Higher temperatures over coastal Peru associated with ENSO may have an impact on gastrointestinal infections. Salmonella infections increased after a flood in Bolivia, which resulted from the El Niño event of 1983 (Valencia Tellería, 1986). Salazar-Lindo et al. (1997) report that the number of patients with diarrhea and dehydration admitted to a rehydration unit in Lima, Peru, was 25% higher than usual during 1997, when temperatures where higher than normal as a result of the emerging El Niño. Increases in the incidence of acute diarrheas and acute respiratory diseases were recorded in Bolivia (Valencia Tellería, 1986) and Peru (Gueri et al., 1986).
The effects of natural events vary by region, and the same weather condition may have the opposite effect in different areas for the same disease (e.g., a dry year may induce malaria epidemics in humid regions but cause malaria decreases in arid regions) (McMichael and Kovats, 1998b). For example, ENSO has been associated with severe drought in Iquitos, Peru, and the state of Roraima, Brazil, where malaria cases have drastically decreased (OPS, 1998; Confalonieri and Costa-Díaz, 2000). In Venezuela, malaria mortality has been shown to be more strongly related to the occurrence of drought in the year preceding outbreaks than to rainfall during epidemic years (Bouma and Dye, 1997). The El Niño phenomenon appears to be responsible in particular for serious epidemics in Peru, including one of malaria in 1983 (Moreira, 1986; Russac, 1986; Valencia Tellería, 1986), as well as cutaneous diseases, leptospirosis, and respiratory infections in 1998 (Instituto Nacional de Salud, 1998b). Compared with other years, malaria cases in Colombia increased 17.3% during an El Niño year and 35.1% in the post-El Niño year. Upsurges of malaria in Colombia during El Niño events are associated with its hydrometeorological variablesin particular, the increase in air temperature that enhances reproductive and biting rates and decreases the extrinsic incubation period, as well as changes in precipitation rates that favor formation of ponds and stagnant pools and thus create more mosquito breeding sites (Poveda and Rojas, 1997; Poveda et al., 1999a,b).

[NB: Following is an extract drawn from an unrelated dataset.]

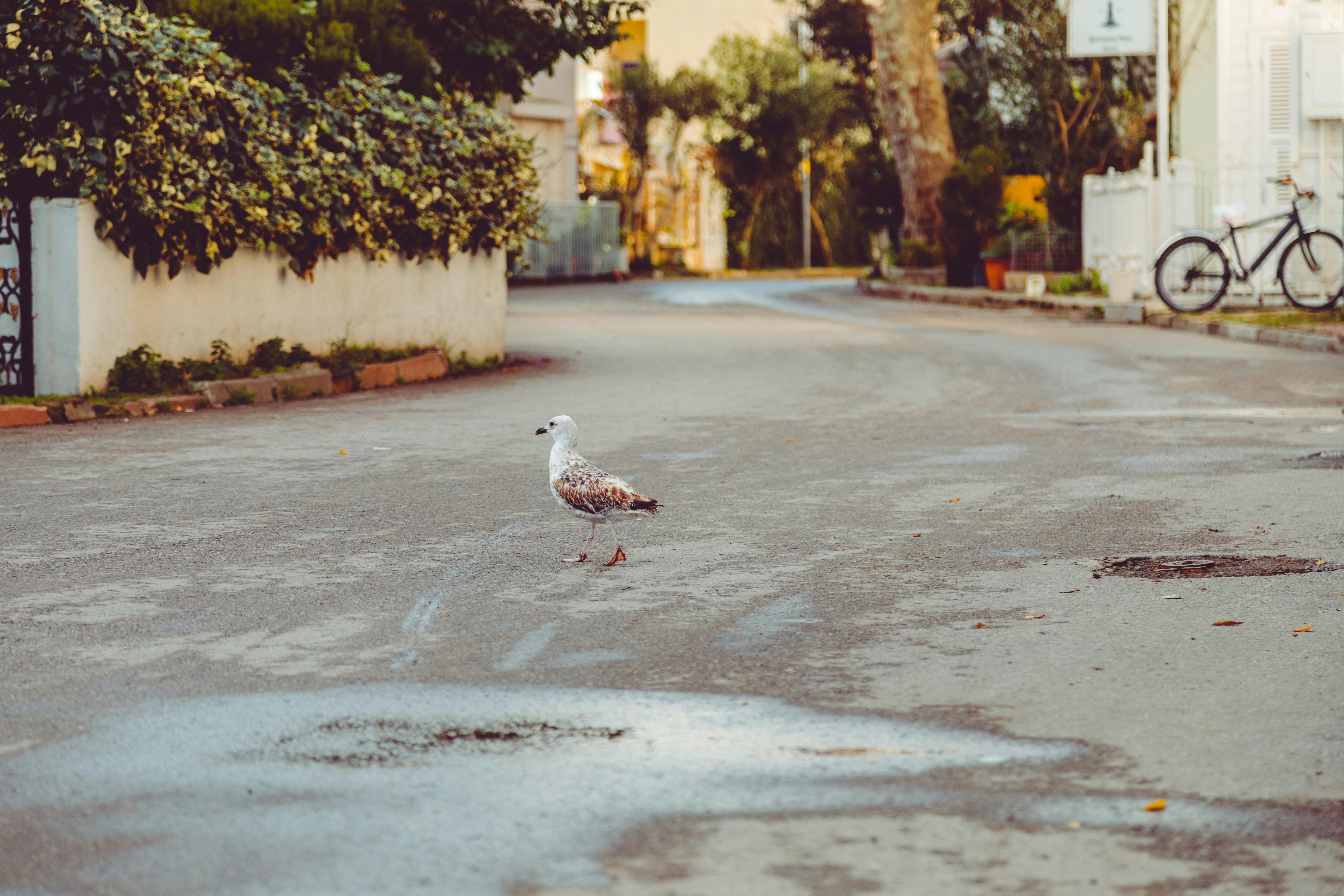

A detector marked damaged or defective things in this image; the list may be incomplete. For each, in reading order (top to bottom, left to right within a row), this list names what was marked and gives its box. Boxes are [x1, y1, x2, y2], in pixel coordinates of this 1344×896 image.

pothole [1285, 451, 1344, 473]
pothole [1097, 556, 1339, 578]
pothole [273, 720, 629, 768]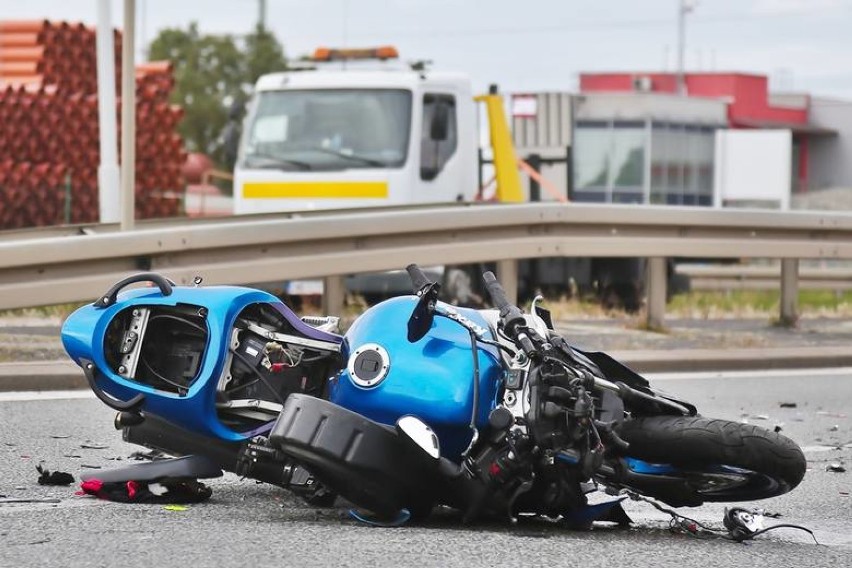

Global analyses have shown no association between ENSO and the number of flood disasters (Dilley and Heyman, 1995) or between ENSO and the numbers of persons affected by floods and landslides (Bouma et al., 1997). However, the number of persons affected by landslides, particularly in South America, increases in the year after the onset of El Niño (Bouma et al., 1997). In 1983, the impacts of El Niño in Peru increased total mortality by nearly 40% and infant mortality by 103% (Toledo-Tito, 1997).
Predicting malaria risk associated with ENSO and related climate variables may serve as a short-term analog for predicting longer term effects posed by global climate change. The ability to predict years of high and low risk for malaria can be used to improve preventive measures (Bouma et al., 1997).